____ Dataset records

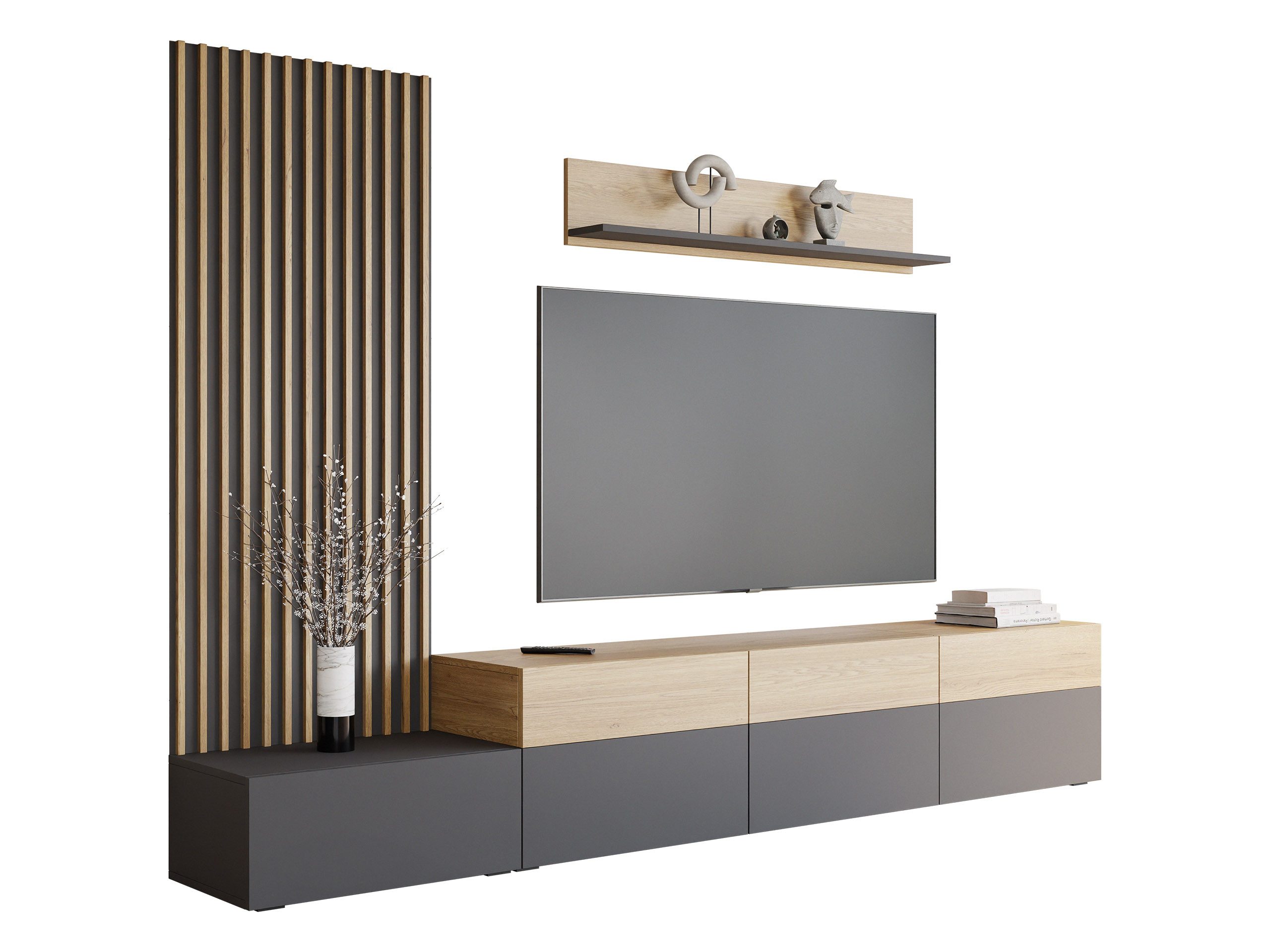 MIRJAN24 Wohnwand Narezi II, (TV-Lowboard, Wandboard, Wandpaneel), Grifflos günstig online kaufen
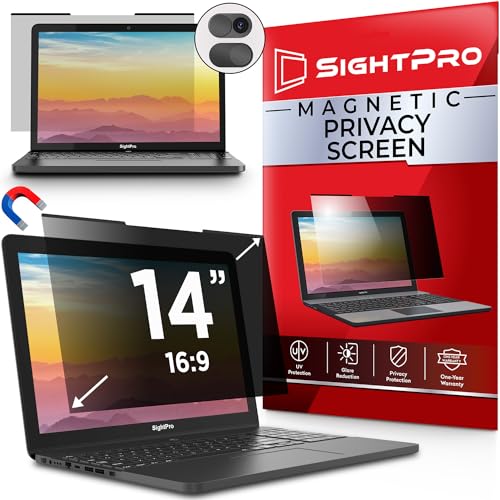 Magnetic Laptop Privacy Screen 14 Inch 16:9 - Patented Removable Laptop Privacy Filter Shield and Protector - size: Laptop 14 Inch 16:9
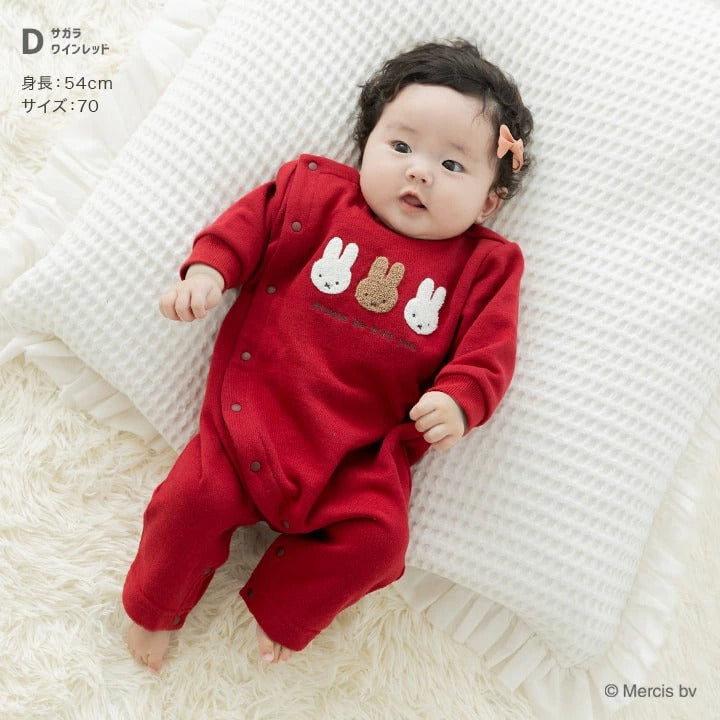 [現貨] 日本直送 初生嬰兒Miffy紅色秋冬連身衣 (70-80cm) - BB Dressup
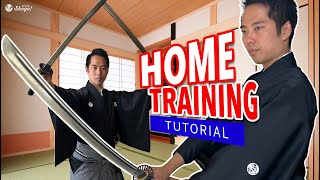 3 Basic Katana Trainings that Beginners Can Do at Home  Taught by a Japanese Iaido Trainee [upl. by Enegue]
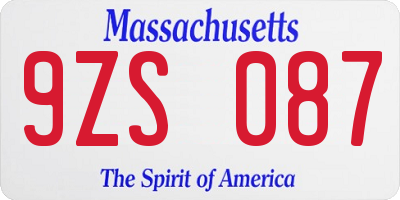 MA license plate 9ZS087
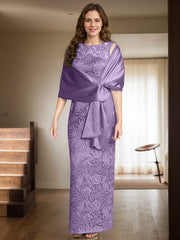 Sheath/Column Scoop Neck Floor-Length Lace/Silk Like Satin Mother Of The Bride Dresses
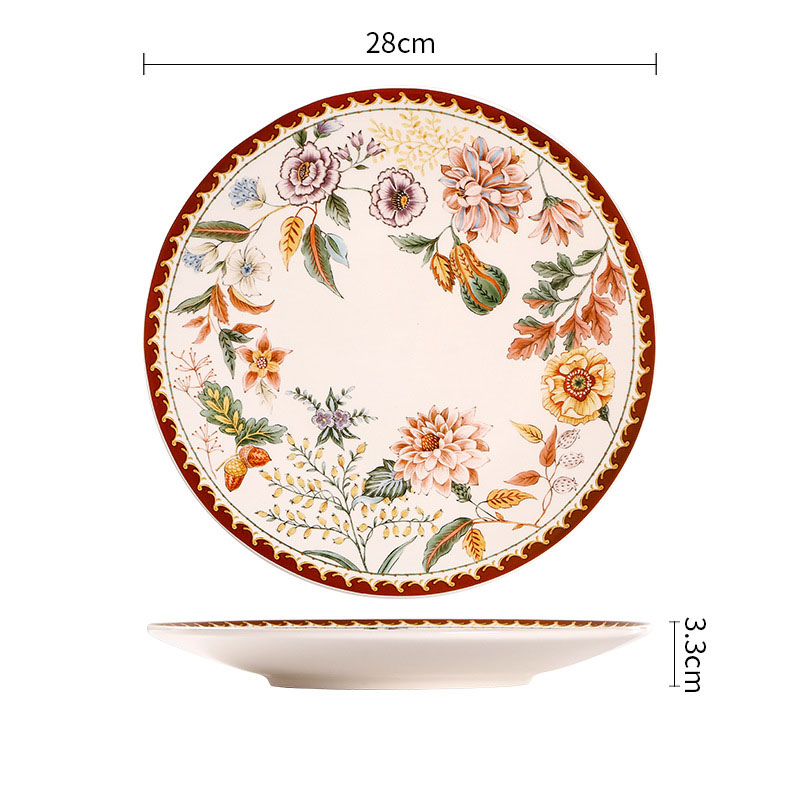 2024 New Hot French Ceramic Creative Retro Western Steak Large Flat Plate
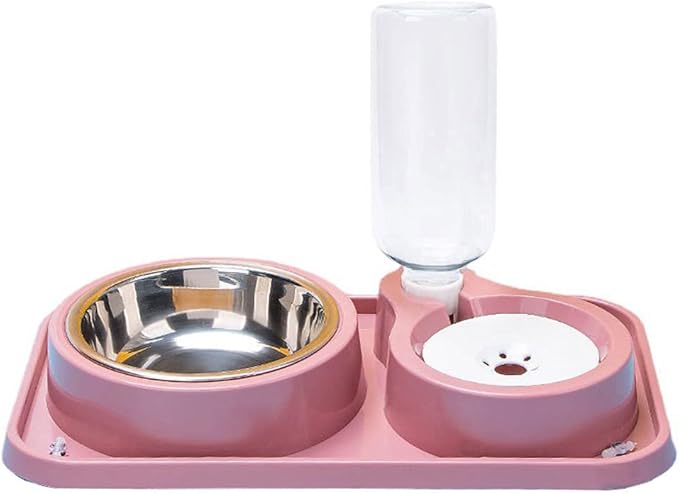 JiangYanus Double Dog Cat Bowls, Pet Water and Food Bowl Set by JiangYanus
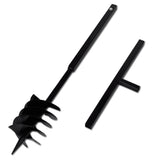 NNEVL Ground Drill with Handle 180 mm with Extension Tube 5 m Steel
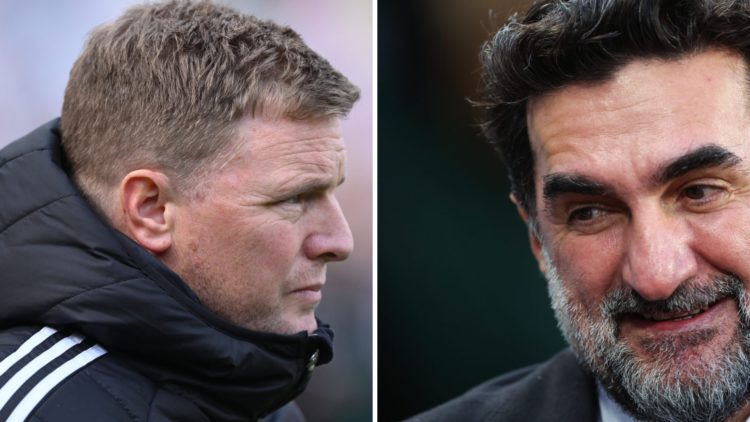 Newcastle United manager Eddie Howe. Newcastle United chairman Yasir Al-Rumayyan.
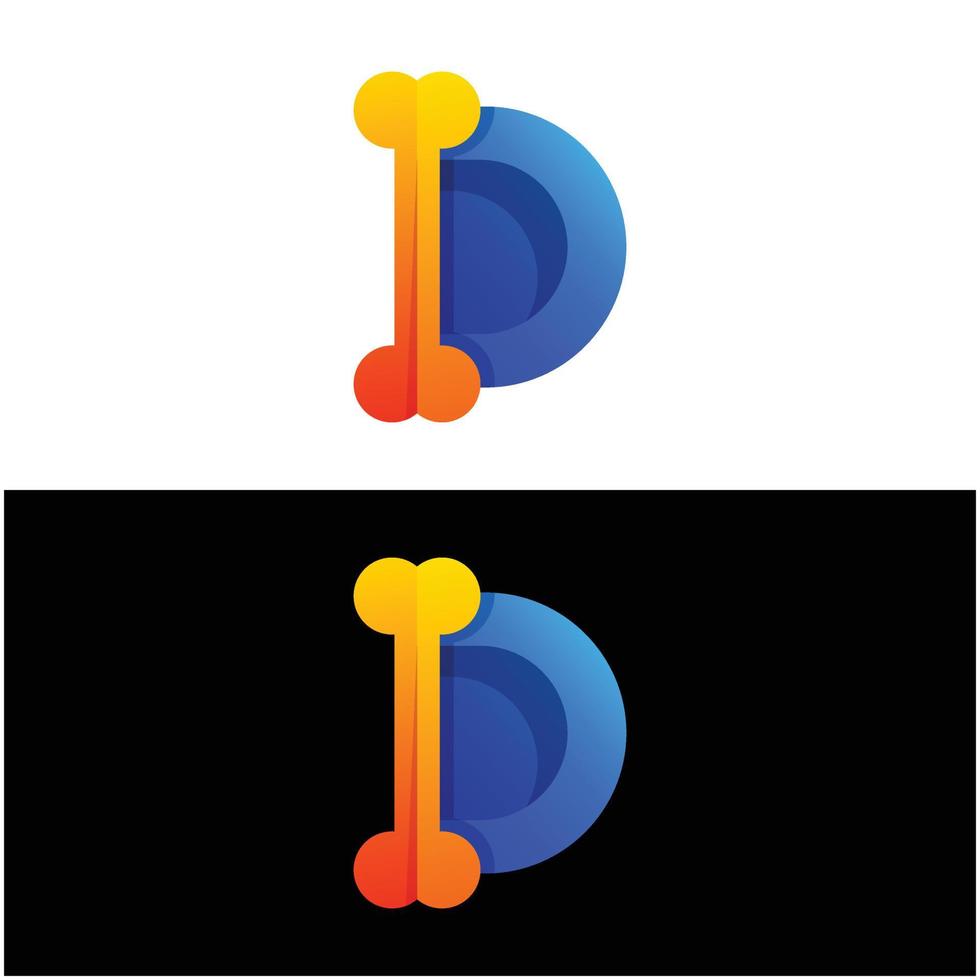 Gradient colorful style d letter d bone toy vector logo illustration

________

▶ **Task to carry out**
Only the lines from the start of the records through the line containing "[現貨] 日本直送 初生嬰兒Miffy紅色秋冬連身衣" should be repeated, word for word, with the pictures left out.

▶ **Task answer**
 MIRJAN24 Wohnwand Narezi II, (TV-Lowboard, Wandboard, Wandpaneel), Grifflos günstig online kaufen
 Magnetic Laptop Privacy Screen 14 Inch 16:9 - Patented Removable Laptop Privacy Filter Shield and Protector - size: Laptop 14 Inch 16:9
 [現貨] 日本直送 初生嬰兒Miffy紅色秋冬連身衣 (70-80cm) - BB Dressup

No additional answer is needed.